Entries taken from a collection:
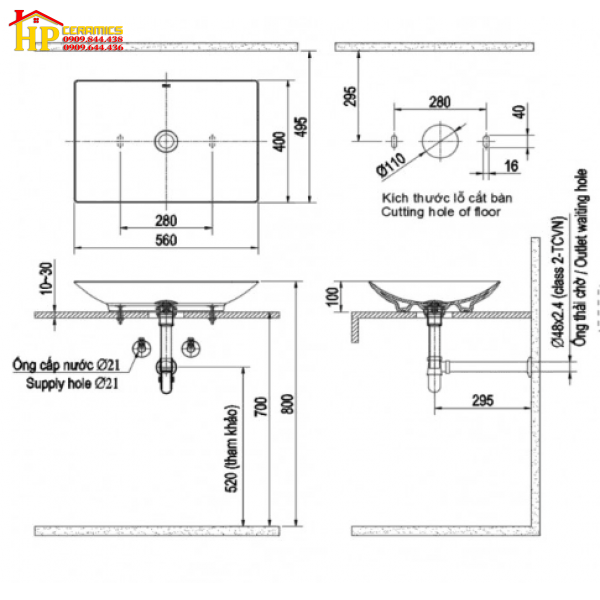 CHẬU LAVABO ĐẶT BÀN INAX AL-S610V CHÍNH HÃNG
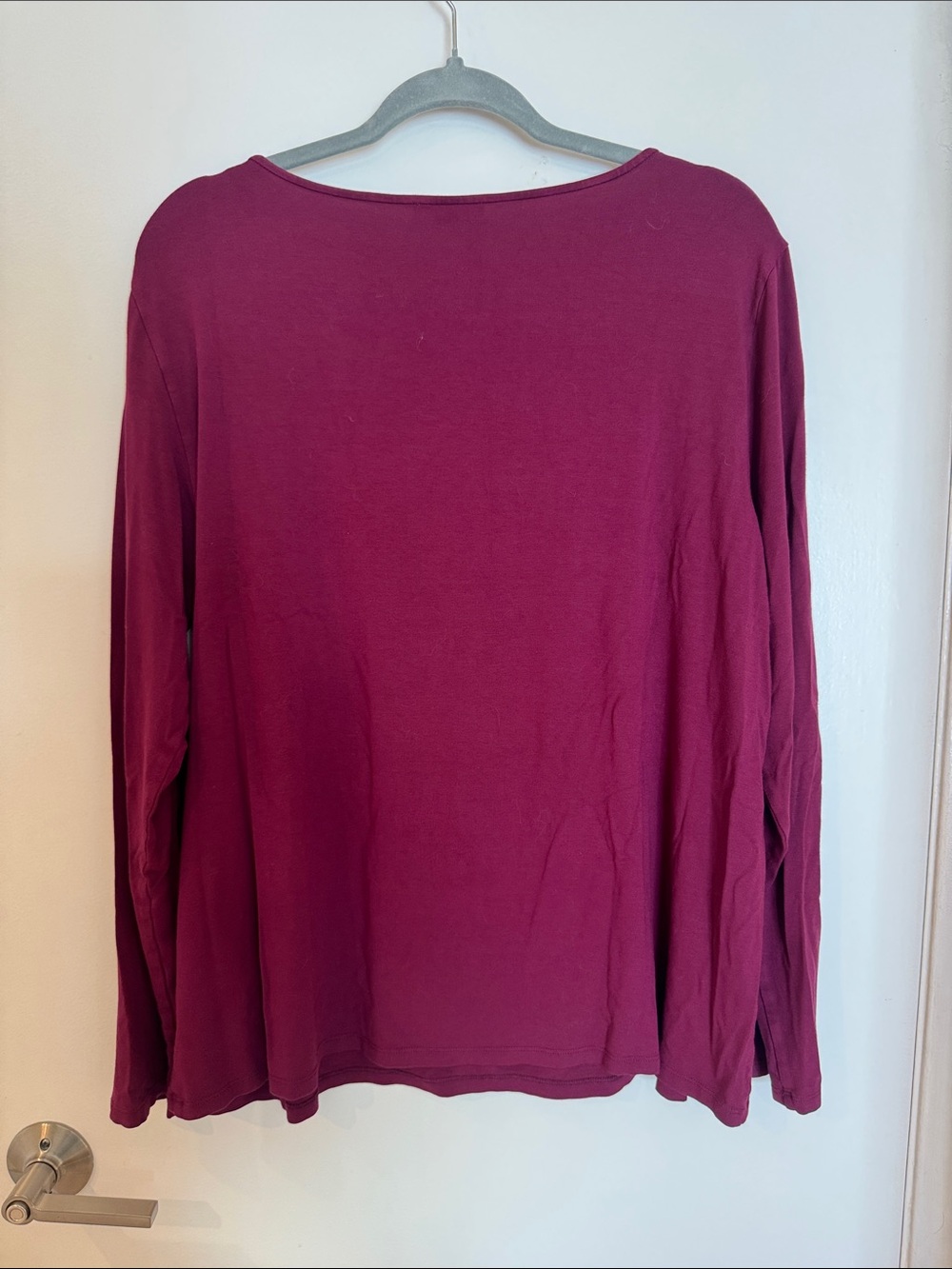 Eileen Fisher Long Sleeve Scoop Neck Top - Wine - Picture 6 of 6
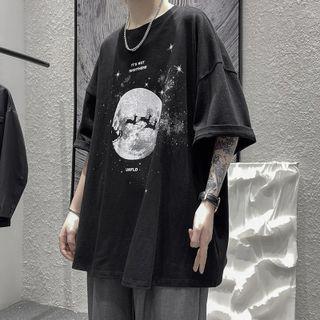 Moon Print Oversized Tee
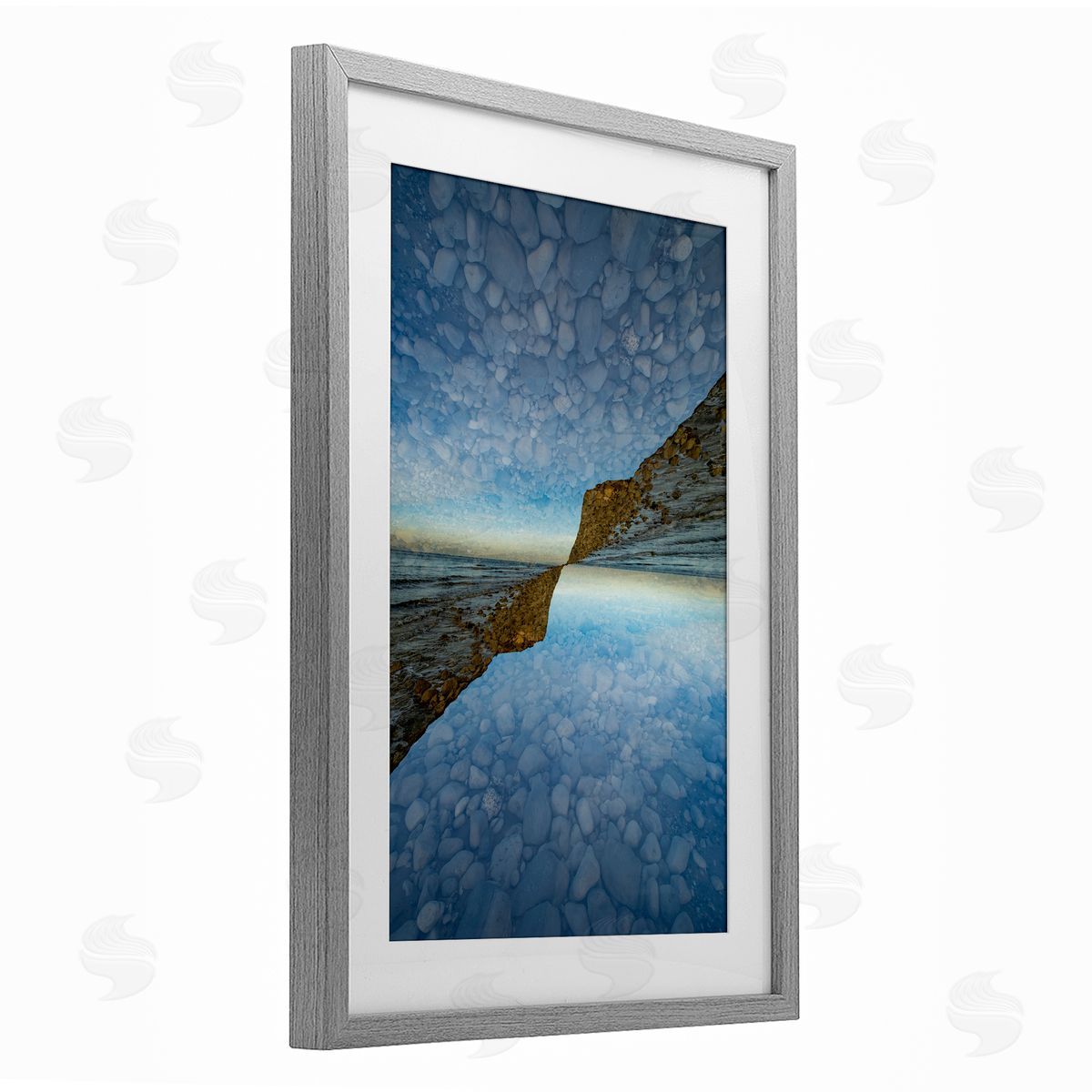 Robin Vandenabeele Symmetrical Pebbles Reflection Canvas Wall Art Print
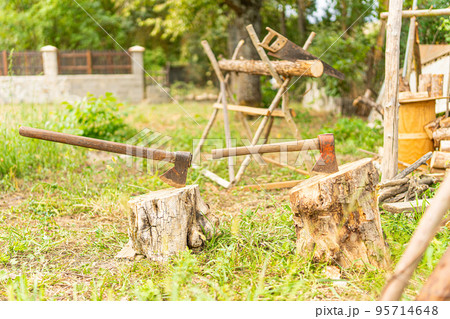 Two axes pinned on logs in a garden 95714648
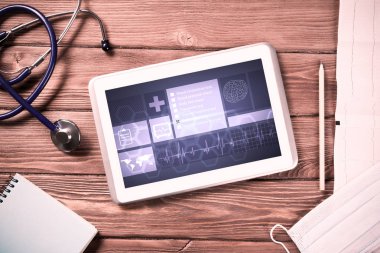 Beyaz tablet pc ve doktor araçları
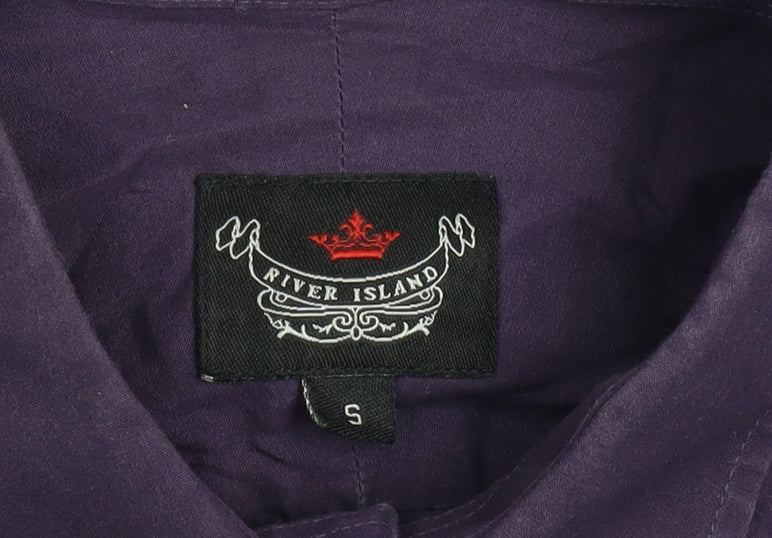 River Island Men's Purple Cotton Long Sleeve Button-Up Shirt Size S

» DESCRIPTION OF THE TASK
Print the data above exactly; drop every picture.

» EXPECTED ANSWER
 CHẬU LAVABO ĐẶT BÀN INAX AL-S610V CHÍNH HÃNG
 Eileen Fisher Long Sleeve Scoop Neck Top - Wine - Picture 6 of 6
 Moon Print Oversized Tee
 Robin Vandenabeele Symmetrical Pebbles Reflection Canvas Wall Art Print
 Two axes pinned on logs in a garden 95714648
 Beyaz tablet pc ve doktor araçları
 River Island Men's Purple Cotton Long Sleeve Button-Up Shirt Size S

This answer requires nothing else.